# [Aim of the task]
Please return every entry below exactly as written, without any of its pictures.

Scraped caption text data
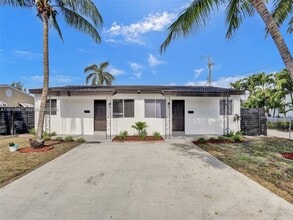 Building Photo - 708 N 20th Ave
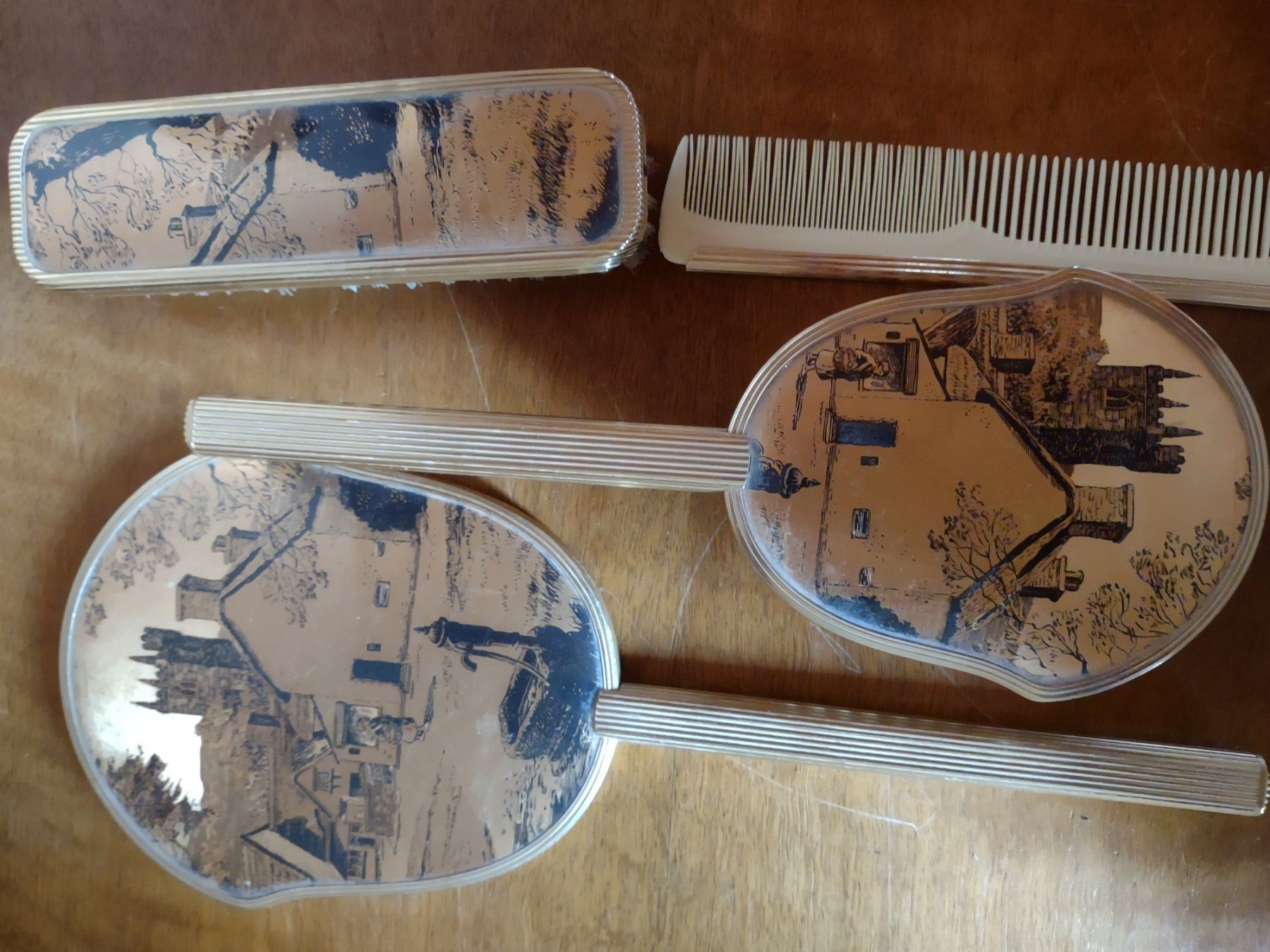 Altro per la cura dei capelli: Vintage Toiletten Set. – Usato da Montlingen venduto da Nikita-Sidney 4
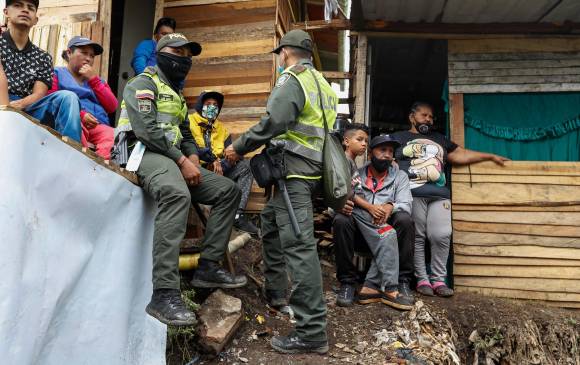 La Alcaldía de Medellín, que inicialmente estaba concentrada en el desalojo, ante la presión de las personas, estableció brigadas interinstitucionales para que fueran puerta a puerta a caracterizar a los habitantes. Foto: Manuel Saldarriaga Quintero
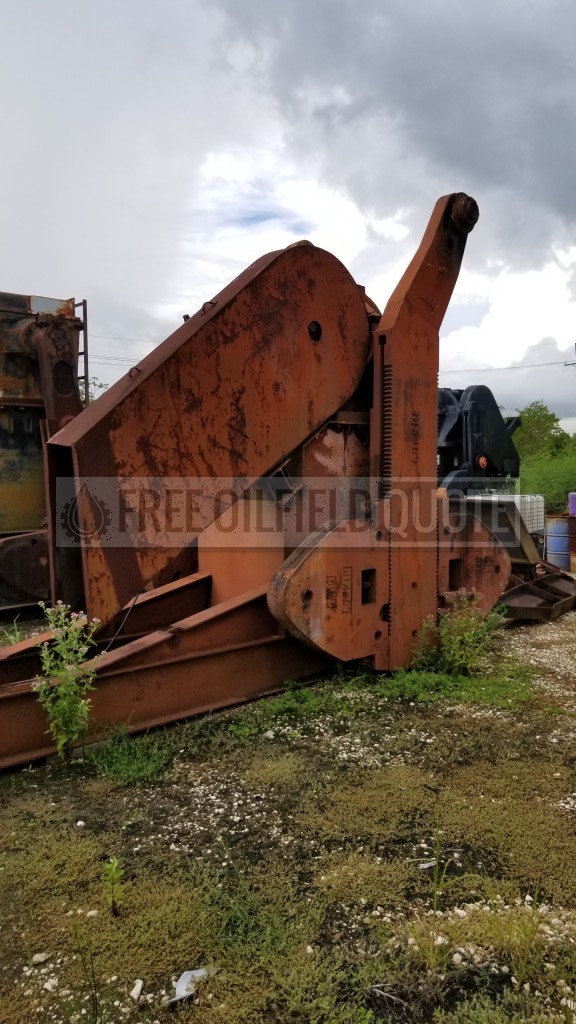 Lufkin 320-304-120 Pumping Unit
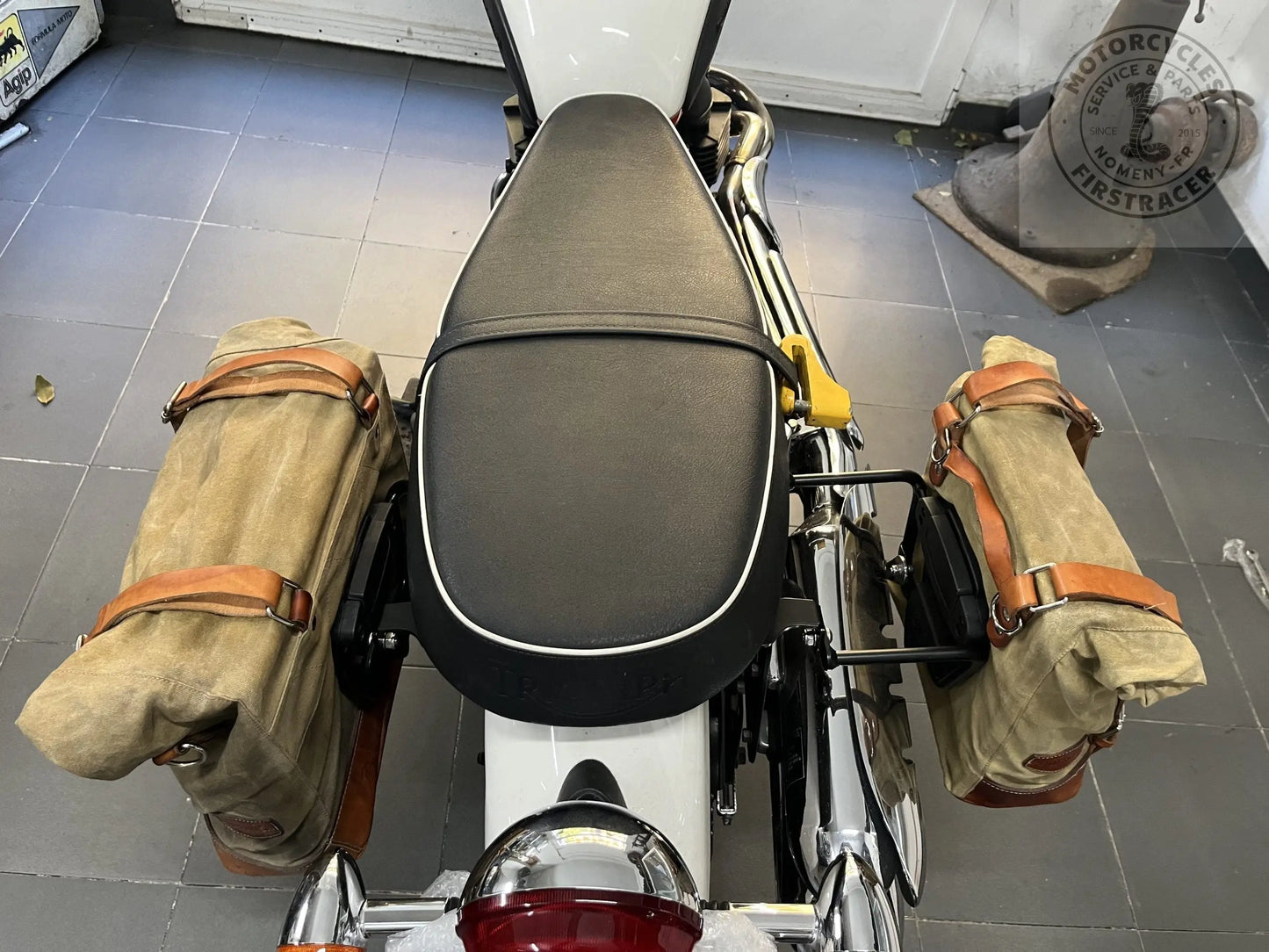 Supports de sacoches noir satiné Poderosa – Triumph Scrambler 900 (jusqu’à 2015) – Gauche + Droite Firstracer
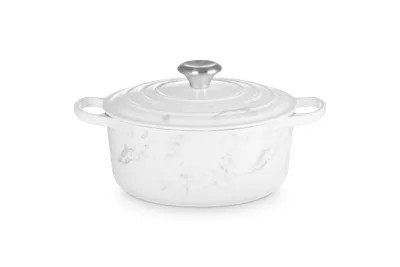 Le Creuset Marble AppliquÃ© Signature Round Dutch Oven, 4.5 Quart, White | Belk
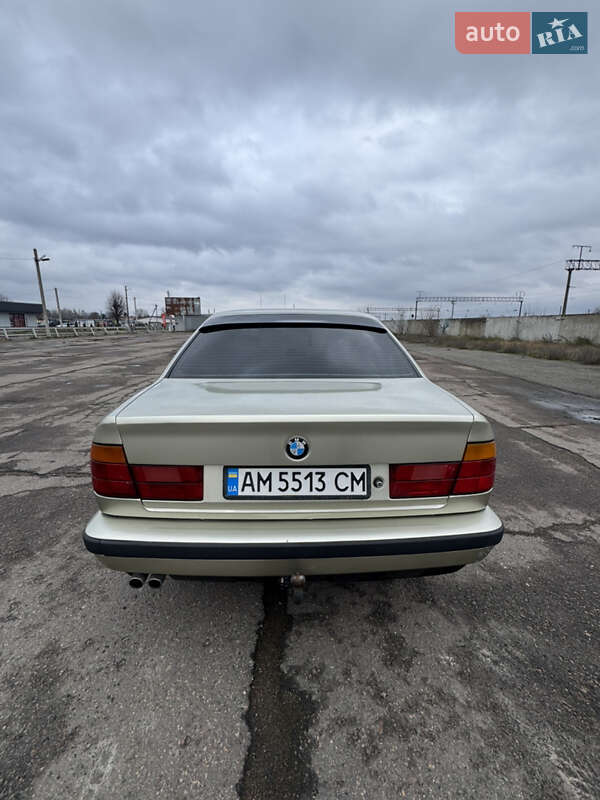 Седан BMW 5 Series 1988 в Попельне фото 6 Седан BMW 5 Series 1988 в Попельне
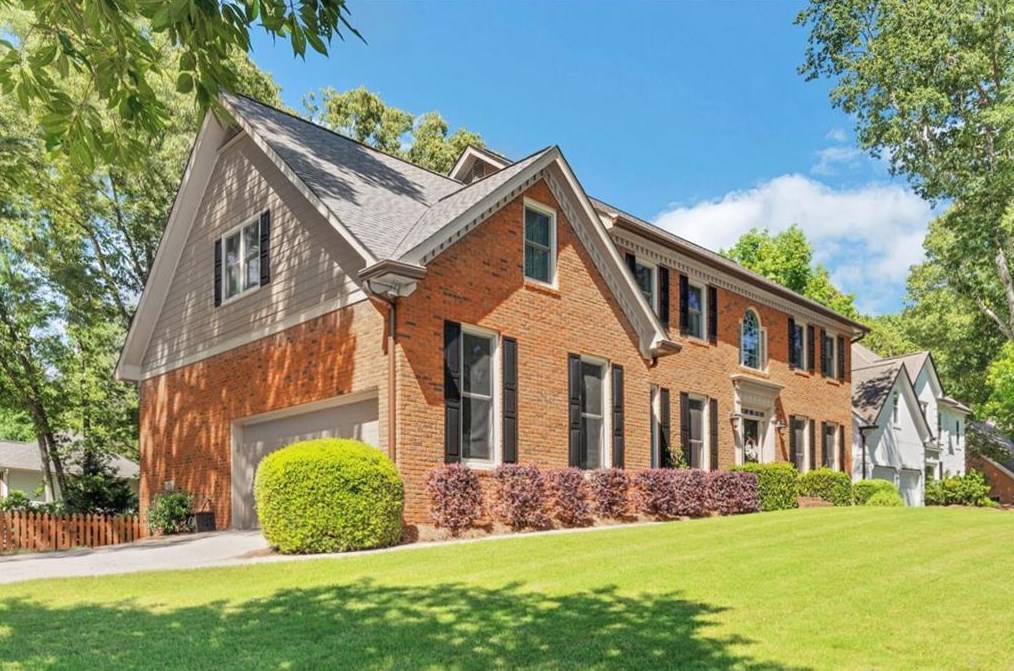 10735 Dunoon Dr, Alpharetta, GA 30022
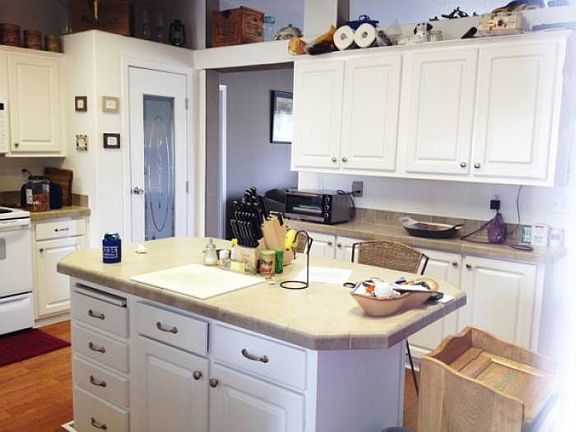 Walk-in pantry, vaulted c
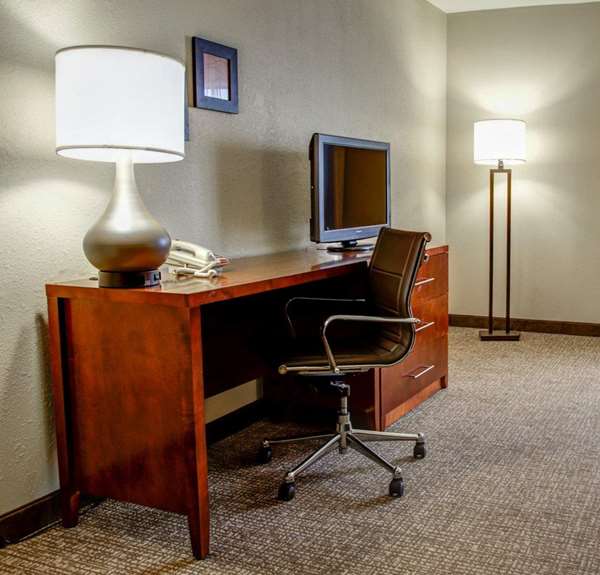  - Comfort Inn Bessemer - I-20 & I-59, Exit 108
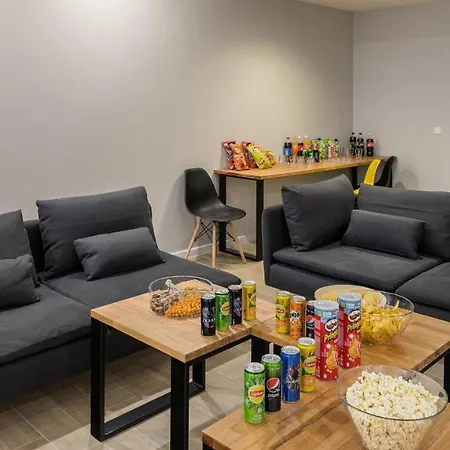 Jacuzzi Party & Event Space Up To 40 Appartement Cracovie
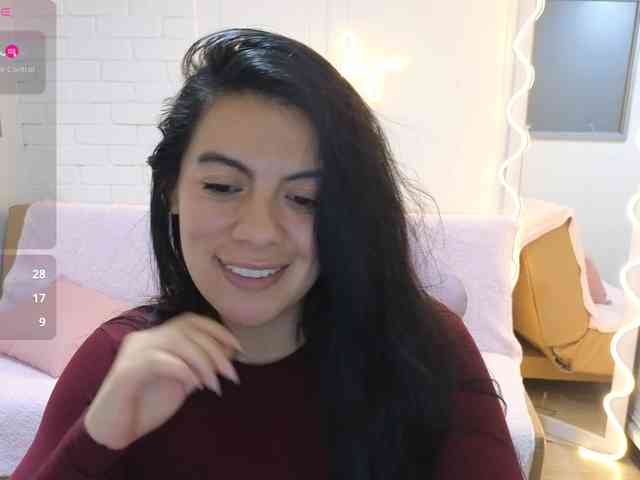 Coraline-tay webcam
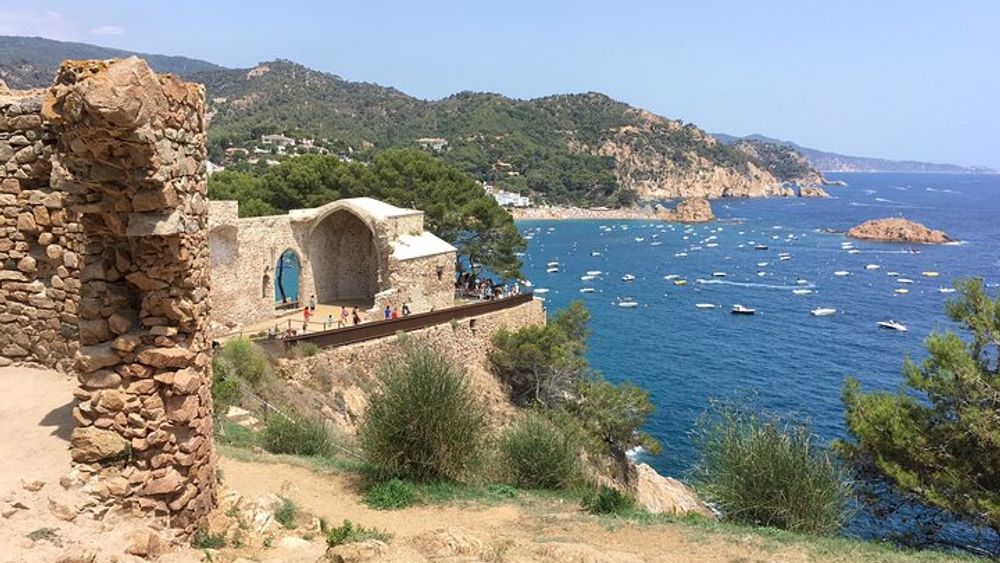 Barcelona: Tossa de Mar, Boat Trip and lots of free time!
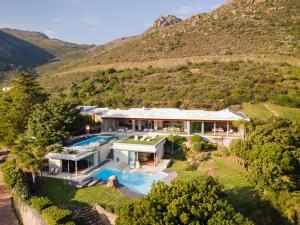 une vue aérienne d'une maison avec piscine dans l'établissement Flightdeck, au Cap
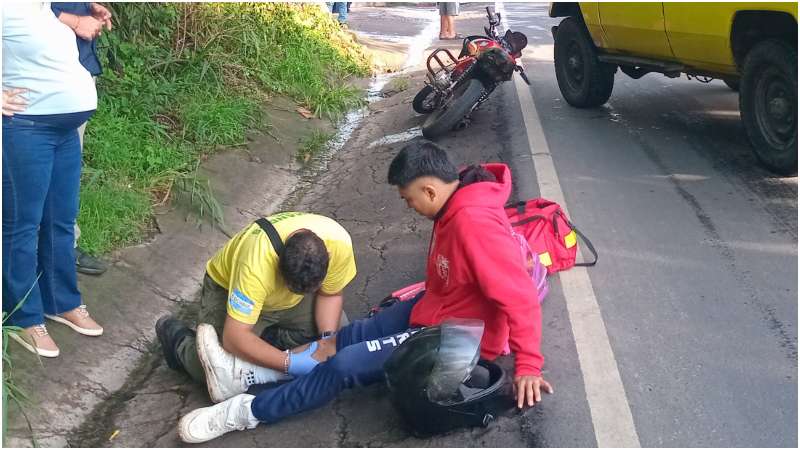 Joven que iba en moto fue embestido. Foto / Cortesía Comandos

# [Solution to this problem]
 Building Photo - 708 N 20th Ave
 Altro per la cura dei capelli: Vintage Toiletten Set. – Usato da Montlingen venduto da Nikita-Sidney 4
 La Alcaldía de Medellín, que inicialmente estaba concentrada en el desalojo, ante la presión de las personas, estableció brigadas interinstitucionales para que fueran puerta a puerta a caracterizar a los habitantes. Foto: Manuel Saldarriaga Quintero
 Lufkin 320-304-120 Pumping Unit
 Supports de sacoches noir satiné Poderosa – Triumph Scrambler 900 (jusqu’à 2015) – Gauche + Droite Firstracer
 Le Creuset Marble AppliquÃ© Signature Round Dutch Oven, 4.5 Quart, White | Belk
 Седан BMW 5 Series 1988 в Попельне фото 6 Седан BMW 5 Series 1988 в Попельне
 10735 Dunoon Dr, Alpharetta, GA 30022
 Walk-in pantry, vaulted c
  - Comfort Inn Bessemer - I-20 & I-59, Exit 108
 Jacuzzi Party & Event Space Up To 40 Appartement Cracovie
 Coraline-tay webcam
 Barcelona: Tossa de Mar, Boat Trip and lots of free time!
 une vue aérienne d'une maison avec piscine dans l'établissement Flightdeck, au Cap
 Joven que iba en moto fue embestido. Foto / Cortesía Comandos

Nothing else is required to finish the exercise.